Everyone’s gotta eat and everyone has to react to the new shiny thing and everyone doesn’t understand superposition?

It’s a skill to resist forming an opinion and it’s not something you usually get rewarded for (although in rational work it is rewarded sometimes).

So maybe people find themselves in a position where they have to have an opinion, and they go with the one that fits their current memeplex best. And given there’s no real way to find an answer, the opinion sticks.

No one cares about chemistry because boring equations mean nothing about the eternal soul.

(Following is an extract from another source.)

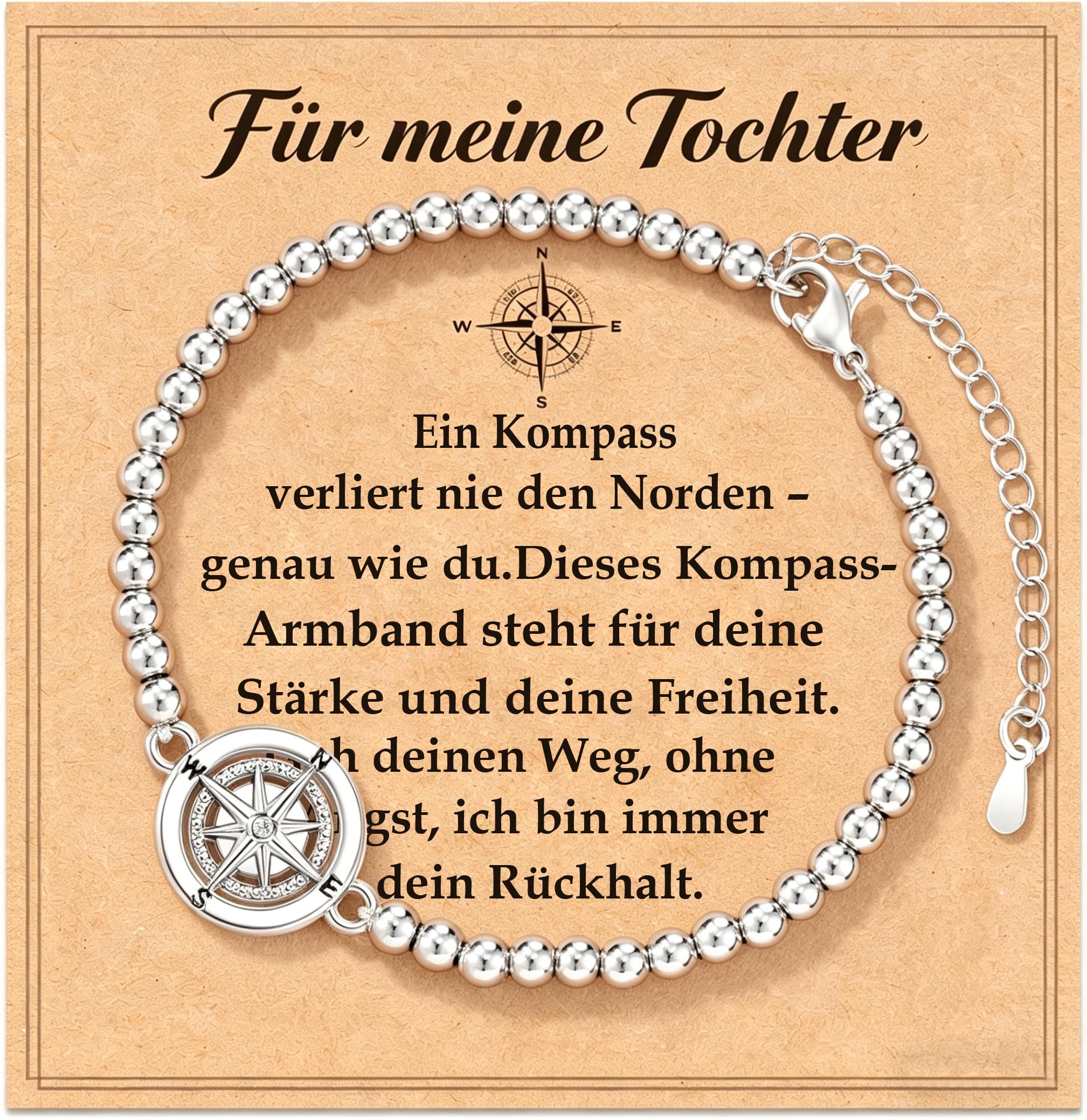 Gkmamrg Positive Geschenke für Frauen, Armband Damen 925 Sterling Silber Steuerrad Glücksbringer & Mutmacher - Geburtstagsgeschenke für Beste Freundin, Ehefrau, Tochter, Mutter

And you can actually do chemistry if you start caring about it for some reason.

So I think the answer is, it’s things you have to engage with to be alive, that have no real answer plus a failure to dodge opinion formation in the brain.

What really happened, though?

Brian Slesinsky 2024-03-12

I don’t trust the summary and I don’t know what happened, but I can speculate:

Being a forecaster at all means you’re willing to play the game. I expect that someone whose position is “the only way to win is not to play” wouldn’t be invited to participate?

Also, if someone were to talk to them, perhaps they would admit to being less certain than the data indicates?

More generally, refusing to speculate seems vaguely anti-social and few of us do it consistently. Making overconfident predictions is how people talk.

LK99

SusanC 2024-03-12

I think with LK99 we did see non-experts suddenly having opinions about superconductors.

“Any temperature is room temperature if your house is cold enough” was one of the better jokes to come out of that affair.

No maths

SusanC 2024-03-12

My theory: no maths

Now, of course, if you actually read a book on quantum field theory you might encounter a lot of maths (some of it highly alarming, from the point of view of rigour), but the people speculating about philosophy of quantum mechanics are mostly going by the math-less explanations for the general public.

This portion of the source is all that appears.